The meals, which are prepared under the guidance of a nutritionist who specializes in HIV/AIDS, are frozen in individual portions and delivered to clients weekly.

==History==

In November 1989 a group of volunteers, recognizing the nutritional needs of people living with AIDS, began providing monthly meals at McLaren House, a group home for PWHAs. The event was named "Easter's Sundays" after Easter Armas-Mikulik, the woman who started the program.

Due to high demand, and to the need to support PWHAs who were homebound, Armas-Mikulik created the Vancouver Meals Society (VMS), which ultimately became
A Loving Spoonful.

Following a needs assessment and the creation of a long-term budget in 1990, as well as study of established meal delivery programs in other major cities like Seattle, Los Angeles and San Francisco, A Loving Spoonful began providing weekly delivery of meals in 1991.

==Budget and fundraising==

The charity's current operating budget is $630,000, which is raised via donations, bequests, fund-raisers, and government grants.

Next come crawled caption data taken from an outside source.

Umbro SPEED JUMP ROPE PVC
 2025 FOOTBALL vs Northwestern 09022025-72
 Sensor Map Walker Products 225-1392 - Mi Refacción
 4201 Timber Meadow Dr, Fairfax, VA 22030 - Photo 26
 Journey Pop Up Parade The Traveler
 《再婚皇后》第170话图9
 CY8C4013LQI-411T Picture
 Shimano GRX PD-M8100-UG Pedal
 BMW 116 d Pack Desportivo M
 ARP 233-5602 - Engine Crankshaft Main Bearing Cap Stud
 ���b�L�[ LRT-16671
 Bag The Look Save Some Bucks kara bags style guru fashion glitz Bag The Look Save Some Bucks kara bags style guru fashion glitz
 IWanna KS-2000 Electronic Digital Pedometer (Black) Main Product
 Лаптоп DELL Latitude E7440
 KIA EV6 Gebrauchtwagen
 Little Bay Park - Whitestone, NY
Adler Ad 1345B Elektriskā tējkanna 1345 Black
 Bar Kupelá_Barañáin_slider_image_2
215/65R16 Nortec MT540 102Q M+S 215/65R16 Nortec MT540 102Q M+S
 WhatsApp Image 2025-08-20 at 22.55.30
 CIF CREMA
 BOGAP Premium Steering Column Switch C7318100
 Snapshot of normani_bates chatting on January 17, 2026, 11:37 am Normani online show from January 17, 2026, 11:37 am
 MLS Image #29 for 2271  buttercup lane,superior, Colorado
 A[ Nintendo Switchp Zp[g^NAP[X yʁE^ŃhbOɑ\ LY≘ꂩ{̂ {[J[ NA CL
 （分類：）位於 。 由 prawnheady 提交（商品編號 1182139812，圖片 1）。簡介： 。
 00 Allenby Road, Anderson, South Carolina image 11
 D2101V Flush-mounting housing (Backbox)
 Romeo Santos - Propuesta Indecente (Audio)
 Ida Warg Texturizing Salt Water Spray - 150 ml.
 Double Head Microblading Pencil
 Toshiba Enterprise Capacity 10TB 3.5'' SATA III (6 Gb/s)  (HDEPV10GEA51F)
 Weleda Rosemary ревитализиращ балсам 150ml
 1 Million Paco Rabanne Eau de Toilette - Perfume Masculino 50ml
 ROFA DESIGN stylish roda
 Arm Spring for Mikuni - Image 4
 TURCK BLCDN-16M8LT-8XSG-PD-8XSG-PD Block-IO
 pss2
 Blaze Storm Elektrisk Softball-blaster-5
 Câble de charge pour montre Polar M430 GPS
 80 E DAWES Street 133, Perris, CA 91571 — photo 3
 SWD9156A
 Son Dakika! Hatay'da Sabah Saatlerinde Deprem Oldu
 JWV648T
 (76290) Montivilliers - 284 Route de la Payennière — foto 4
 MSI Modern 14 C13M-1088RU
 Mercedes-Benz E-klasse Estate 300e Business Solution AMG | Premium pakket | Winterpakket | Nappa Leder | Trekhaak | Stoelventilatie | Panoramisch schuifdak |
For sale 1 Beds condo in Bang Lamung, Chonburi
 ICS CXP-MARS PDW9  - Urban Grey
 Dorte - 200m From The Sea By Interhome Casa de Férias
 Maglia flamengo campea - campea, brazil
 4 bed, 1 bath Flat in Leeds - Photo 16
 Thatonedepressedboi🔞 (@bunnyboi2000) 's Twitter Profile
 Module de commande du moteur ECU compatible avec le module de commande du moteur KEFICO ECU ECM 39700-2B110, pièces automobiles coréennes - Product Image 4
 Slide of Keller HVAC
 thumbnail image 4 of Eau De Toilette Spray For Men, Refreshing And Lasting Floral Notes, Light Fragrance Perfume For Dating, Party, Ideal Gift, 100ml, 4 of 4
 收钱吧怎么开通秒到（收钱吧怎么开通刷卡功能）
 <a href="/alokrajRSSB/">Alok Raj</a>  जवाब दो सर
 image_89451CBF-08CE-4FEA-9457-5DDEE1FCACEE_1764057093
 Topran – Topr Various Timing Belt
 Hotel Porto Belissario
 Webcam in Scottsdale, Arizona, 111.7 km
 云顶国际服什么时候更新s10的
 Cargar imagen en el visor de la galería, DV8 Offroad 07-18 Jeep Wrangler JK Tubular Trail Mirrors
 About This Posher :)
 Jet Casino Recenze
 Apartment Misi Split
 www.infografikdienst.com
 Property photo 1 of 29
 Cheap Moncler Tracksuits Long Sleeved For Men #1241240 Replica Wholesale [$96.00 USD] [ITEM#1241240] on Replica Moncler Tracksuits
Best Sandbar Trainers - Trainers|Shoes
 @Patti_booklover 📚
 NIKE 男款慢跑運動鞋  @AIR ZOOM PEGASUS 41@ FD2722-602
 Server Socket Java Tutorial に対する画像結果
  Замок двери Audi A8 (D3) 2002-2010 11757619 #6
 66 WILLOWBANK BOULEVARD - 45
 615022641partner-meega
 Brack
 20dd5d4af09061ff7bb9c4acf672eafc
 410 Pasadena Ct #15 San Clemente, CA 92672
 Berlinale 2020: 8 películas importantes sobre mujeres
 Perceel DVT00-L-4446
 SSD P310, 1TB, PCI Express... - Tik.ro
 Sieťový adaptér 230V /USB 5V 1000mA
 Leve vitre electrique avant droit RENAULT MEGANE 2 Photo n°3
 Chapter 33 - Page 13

A minimum of eighty percent of the money received is used to cover program expenses.

Each year A Loving Spoonful and the Vancouver Friends for Life Society are the focus of an event called Dining Out For Life. Participating restaurants donate a portion of their proceeds on the day of the event, and diners are encouraged to make cash donations to volunteers, and are eligible for donated prizes.